There are two types of consensus votes, the first is called a prevote, and the second is called a precommit. Only the 101 current active delegates can cast these consensus votes for a block and therefore the number of prevotes or precommits for a block ranges from 0 to 101. The consensus votes are not sent explicitly, but are implied by the maxHeightPreviouslyForged property that delegates need to include in the blocks they forge. For this property, delegates are supposed to provide the largest height of any block they previously forged and thereby disclose if they previously forged on a different chain.

The fork choice rule defines to which chain a delegate is supposed to add a block in case there are multiple chains. In the Lisk-BFT protocol delegates choose the chain where the block at the tip of the chain has the largest maxHeightPrevoted value (and largest height value in case of a tie). The maxHeightPrevoted property of a block has to be equal to the largest height of an ancestor block with at least 68 prevotes (an ancestor block is a predecessor block in the chain).

Finality and security guarantees

As soon as one block has at least 68 precommits, the block and all its ancestor blocks are considered final. This means they are irrevocably deemed part of the blockchain and never reverted. Two blocks are called conflicting if they are part of different chains, i.e., none is an ancestor block of the other.
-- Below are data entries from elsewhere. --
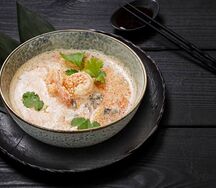 Том ям с креветками, кальмаром и лососем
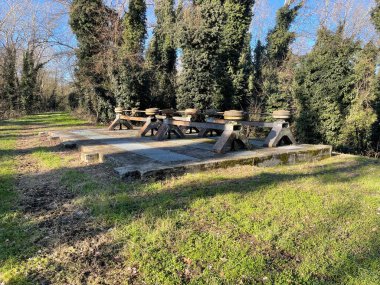 Sulama su kontrol sistemi, Bosco della Panfilia, San Agostino, Ferrara, İtalya. Yüksek kalite fotoğraf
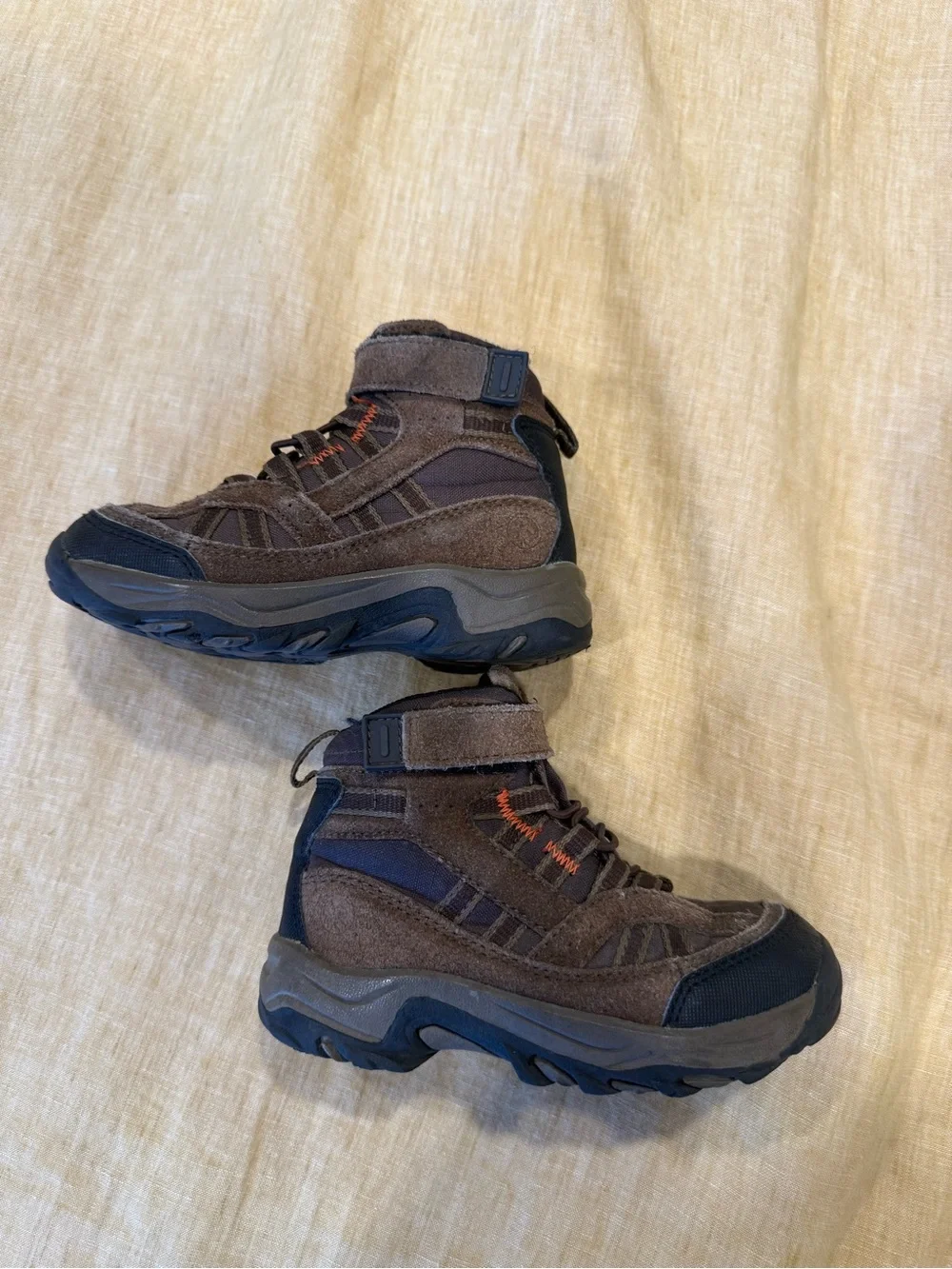 Northside Kids Brown and Black Outdoor Boots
The most important security property for a consensus algorithm is to guarantee that two conflicting blocks are never considered final, as otherwise a blockchain can be subject to double-spending attacks, for instance. For the case of a static set of 101 active delegates (i.e., the active delegates are not changing from round to round), the Lisk-BFT protocol provides the following security guarantees:

  • If at most 33 active delegates are Byzantine (malicious), and all other active delegates obey the rules of the Lisk-BFT protocol, two conflicting blocks are never finalized.

  • If the active delegates obey the rules of the Lisk-BFT protocol and at most 33 active delegates stop forging or casting consensus votes, new blocks can always be finalized.
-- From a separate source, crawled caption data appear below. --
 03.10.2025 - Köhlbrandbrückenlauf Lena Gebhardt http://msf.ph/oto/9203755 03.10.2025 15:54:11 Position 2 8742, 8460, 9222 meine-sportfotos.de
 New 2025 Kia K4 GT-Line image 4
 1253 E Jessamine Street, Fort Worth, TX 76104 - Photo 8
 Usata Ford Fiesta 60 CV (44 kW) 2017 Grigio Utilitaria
  • A violation of the Lisk-BFT protocol by a delegate can be detected and the respective delegate can be punished, as outlined in the next section.

In case the set of active delegates changes over time, the security guarantees are only slightly weaker. For details, refer to the Lisk-BFT research paper (arXiv).
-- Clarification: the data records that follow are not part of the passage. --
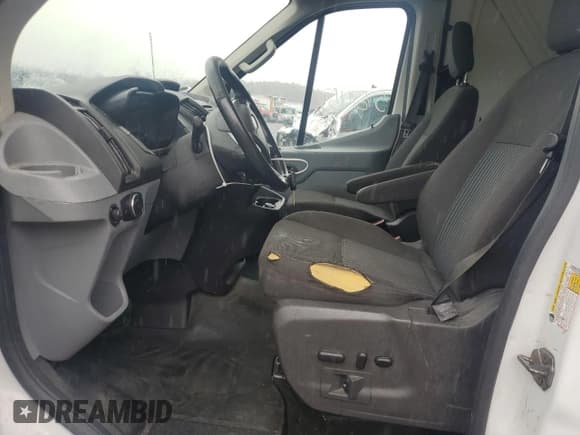 ✅ 2017 Ford Transit • VIN: 1FTYR2CG1HKB12531 • Lot: 70606285. Listed on Copart with 209,960 mi. Free auction sales archive from the USA and detailed vehicle history report at DreamBid. Image 7.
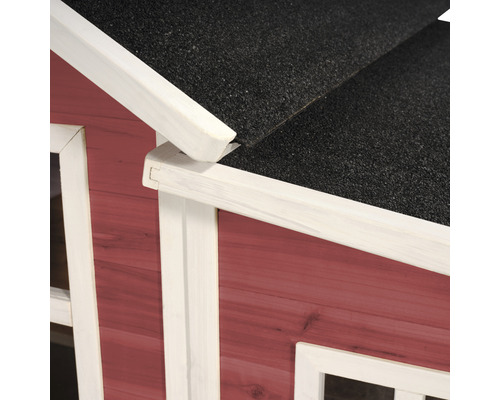 Detailansicht eines Holzspielhauses mit Dachpappe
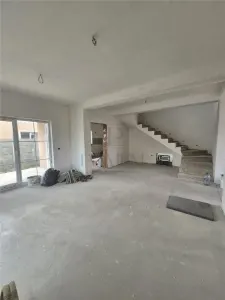 DUPLEX DESPARTIT PRIN GARAJ - ZONA EXCELENTA - FINISAJE LA ALEGERE - - foto 5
Punishment of Lisk-BFT protocol violations

If a delegate casts contradictory consensus votes due to an incorrect maxHeightPreviouslyForged in the block header or violates the fork choice rule, there must be two signed blocks by that delegate which are proof of the protocol violation. The signed block headers serve as a proof-of-misbehavior and can be submitted to the network by anyone as part of a delegate misbehavior report transaction. Once this transaction is included in the blockchain, the delegate that violated the Lisk-BFT consensus protocol and forged the two blocks is punished by setting the delegate weight to 0 for the next 780,000 blocks (approximately 3 month). Additionally, the unlocking period for self-votes is increased from 260,000 blocks to 780,000 blocks (from approximately 1 month to 3 months) for the respective delegate. This affects any vote amount that is used for self-voting or is still in the unlocking period at the inclusion height of the proof-of-misbehavior. Similarly, for all accounts voting for the punished delegate, the unlocking period for the votes for the punished delegate is increased from 2,000 blocks to 260,000 blocks (from approximately 5 hours to 1 month). Again, this affects any amount used by the account to vote for the punished delegate or amounts that were used for voting for the punished delegate, but were still in the unlocking period at the inclusion height of the proof-of-misbehavior. This means that both the delegate as well as the accounts voting for that delegate are punished by their tokens being locked for an extended amount of time.